Tutti gli impegni della Regione sul complicato caso dell'ex Ilva
di Paolo Lingua
Il consiglio regionale di oggi, dopo aver dedicato la sala a Eugenio Montale (una scelta di alto profilo che onora la figura culturale e politica del Premio Nobel per la Letteratura), ha affrontato con un faticoso dibattito la questione della ex Ilva che sul territorio ha una importante presenza, con un settore della filiera siderurgica che tutt’ora, a Cornigliano, impiega più di mille dipendenti.
All’inizio del dibattito non è sembrato così facile arrivare a un documento unitario, perché, in buona sostanza, scavalcando tutte le ipocrisie e tutte le tattiche, sia il centrodestra, sia movimenti politici come il Pd e “Italia Viva” erano in sostanza d’accordo sul recupero dei rapporti e sulla ricostruzione del rapporto con Arcelor Mittal, reinserendo lo scudo penale, che pure c’era e che poi il governo aveva assurdamente soppresso, mentre la linea rigida di tipo ecologistico era sostenuta dal M5s.
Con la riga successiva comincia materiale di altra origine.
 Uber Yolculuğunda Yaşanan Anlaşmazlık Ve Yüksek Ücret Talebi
Si trattava di evitare soluzioni politicamente imbarazzanti (in particolare per la sinistra, anche se il centrodestra puntava a un risultato di assenso globale). Poi si è trovata la quadra con l’inserimento d’una modifica più complessa dello scudo penale che dovrebbe valere “erga omnes” ovvero per tutte le imprese (e non solo per la siderurgia di Taranto) che hanno in Italia problemi di messa in regola dal punto di vista dell’inquinamento ambientale di strutture produttive antiquate e socialmente pericolose.
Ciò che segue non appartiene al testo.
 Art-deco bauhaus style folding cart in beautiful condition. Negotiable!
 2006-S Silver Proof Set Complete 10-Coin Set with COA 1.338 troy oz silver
Ovviamente, ma era scontato, la Regione si è affiancata ai sindacati chiedendo il blocco dei potenziali licenziamenti che oltre Taranto potrebbero coinvolgere Genova e Novi Ligure e, ovviamente, anche il “no” assoluto dello spegnimento degli altoforni, già annunciato da Arcelor Mittal, ma nei giorni scorsi revocato dalla stessa multinazionale anglo-francese. Molti aspetti della difficile situazione economica e produttiva internazionale nel settore della siderurgia sono stati esaminati ieri in sede di dibattito consiliare: è indubbio che la vicenda italiana è condiziona da situazioni internazionali come la contrazione del mercato dell’acciaio e la crisi di mercato del settore automobilistico (per non parlare della guerra dei dazi, messa in atto dagli Usa per via della politica di Trump).
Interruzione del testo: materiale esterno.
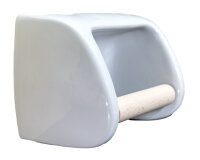 Klopapierhalter Toilettenpapierhalter Bad WC Garnitur Papierhalter Porzellan weiß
Nella discussione, obiettivamente, sono emersi tutti i problemi mondiali del settore che , in parte, hanno influito sul comportamento, per certi aspetti sconcertante, di Arcelor Mittal. E’ indubbio che non è del tutto chiara la strategia del colosso mondiale della siderurgia: era già prevista una politica di tagli e di recessione dall’accordo di governo? L’abolizione dello scudo penale è stata una causa scatenante oppure un pretesto per annunciare il ritiro dall’accordo? Oppure c’è il progetto di proseguire con diminuzione delle spese e degli investimenti con un nuovo socio, anche di minoranza, che potrebbe essere una realtà finanziaria pubblica?
Al di là della presunta buona o mala fede di Arcelor Mittal non sono mancati errori e strategie da parte dei vertici del governo. Indubbiamente ci ha giocato l’atteggiamento, storicamente ostile, del M5s che ha certamente subito, nel siglare l’accordo dell’anno scorso, il sostanziale accordo portato quasi al termine da parte del governo Gentiloni. E in particolare dal ministro Calenda. E’ fin troppo ovvio che i renziani, il Pd e i grillini non la pensano alla stessa maniera in margine alla complessa vicenda che, va etto, si trascina problematiche e anche errori di conduzione che hanno più di vent’anni e che hanno coinvolto un po’ tutte le gestione e un po’ tutta la politica.
Come si evince dalla note di cronaca dei giorni scorsi e di queste ore, la situazione si è fatta più complessa, nel bene e nel male, dall’ingresso in campo della magistratura - di Taranto e di Milano – che certamente non faciliterà tutte le possili conclusioni e gli eventuali accordi e i compromessi. Ma anche questa, che proseguirà per mesi se non per anni, è una vicenda tutta all’italiana. Dobbiamo rassegnarci.